En ocasiones, nos encontramos con joyas ocultas que nos sorprenden gratamente, éste es el caso del sólido y semidesconocido melodrama de Mervyn LeRoy ”Después de la oscuridad”, que merece todas las reivindicaciones posibles. Este director tenía una hábil mano para dirigir melodramas realmente buenos, como el que nos ocupa en esta ocasión y también, por poner solamente otro ejemplo, ”El puente de Waterloo”.

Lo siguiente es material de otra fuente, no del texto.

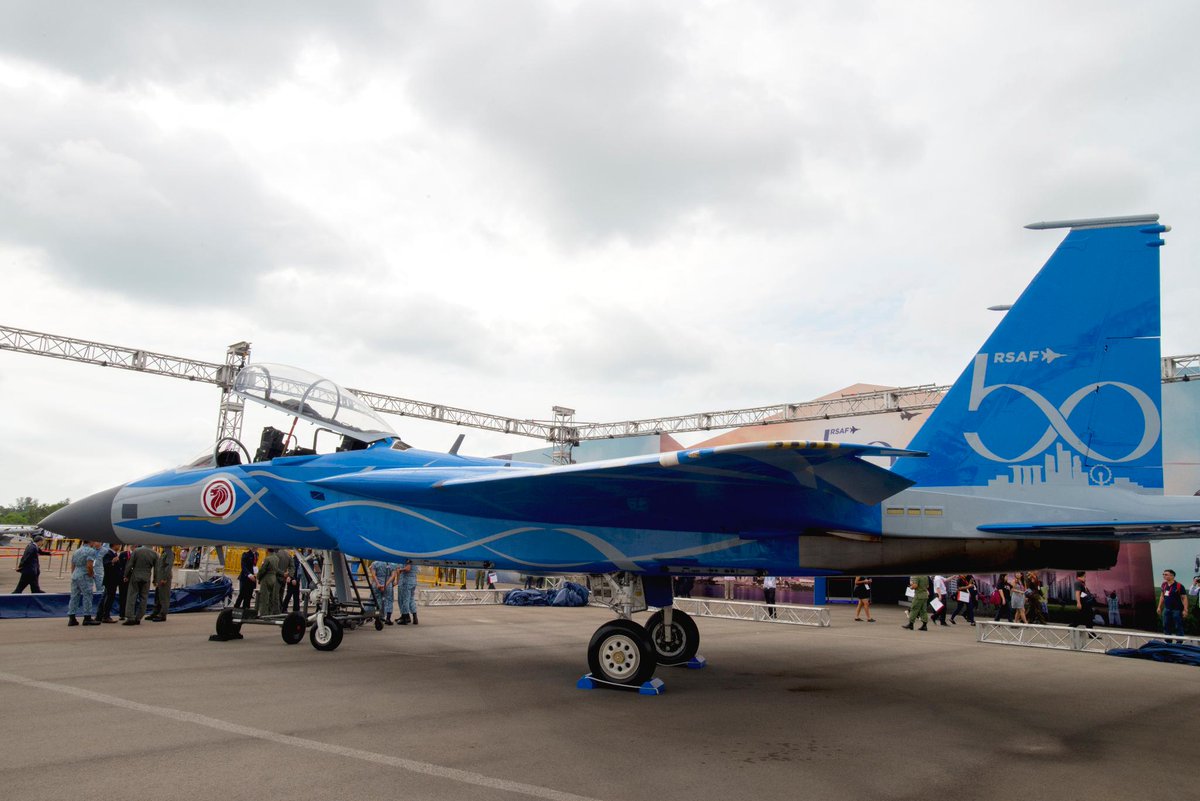 弹丸小国空军成立50周年 f15战机强悍出击 某项能力略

Jean Simmons firma aquí una de las mejores interpretaciones de toda su carrera, está magnífica y aborda sutilmente un complejo personaje que podía caer fácilmente en el exceso actoral, al tratarse de una mujer que sufre desequilibrios mentales (entre la depresión y la locura), pero su más que demostrado aplomo y solvencia interpretativa mantienen su interpretación en el punto exacto ya que, en muchas ocasiones, su melancólica mirada lo dice todo. La Simmons poseía una especial facilidad para dar vida a mujeres desequilibradas o con un frágil estado mental (”Cara de ángel”, ”El fuego y la palabra” o ”Con los ojos cerrados”, en todas está excepcional, además de ser cintas altamente recomendables), papeles complicados que suponen todo un reto para cualquier intérprete, ante el gran riesgo que corren de rozar la caricatura y, de ese modo, no resultar creíbles en pantalla moviéndose en la fina línea entre la contención y la sobreactuación.

Jean Simmons, bajo mi punto de vista, posee rasgos físicos que la asemejan considerablemente con la mítica Elizabeth Taylor, pero habiendo visto varios trabajos de ambas actrices, en el ámbito interpretativo veo a la Simmons bastante superior, creo que es más capaz de bordar personajes complejos desde la sutilidad, con ella ”menos es más”, su intensa mirada sirve a las mil maravillas para encarnar todo tipo de personajes, suele alcanzar esa necesaria autenticidad actoral, con aparentemente pocos recursos interpretativos, sin llegar a la sobrectuación, que no siempre está justificada por el rol que le toque desempeñar a cada actor, la gran y difícil habilidad de controlarse (interpretativamente hablando, me refiero) es una de las cualidades que más le aprecio a Simmons como actriz.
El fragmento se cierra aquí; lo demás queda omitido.